__What you have to do__:
Return every line below exactly.

__Source data__:

::::::::

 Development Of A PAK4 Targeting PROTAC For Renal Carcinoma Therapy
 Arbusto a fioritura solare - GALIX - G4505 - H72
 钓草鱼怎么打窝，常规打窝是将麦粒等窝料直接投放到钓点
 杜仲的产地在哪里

::::::::

__Task solution__:
 Development Of A PAK4 Targeting PROTAC For Renal Carcinoma Therapy
 Arbusto a fioritura solare - GALIX - G4505 - H72
 钓草鱼怎么打窝，常规打窝是将麦粒等窝料直接投放到钓点
 杜仲的产地在哪里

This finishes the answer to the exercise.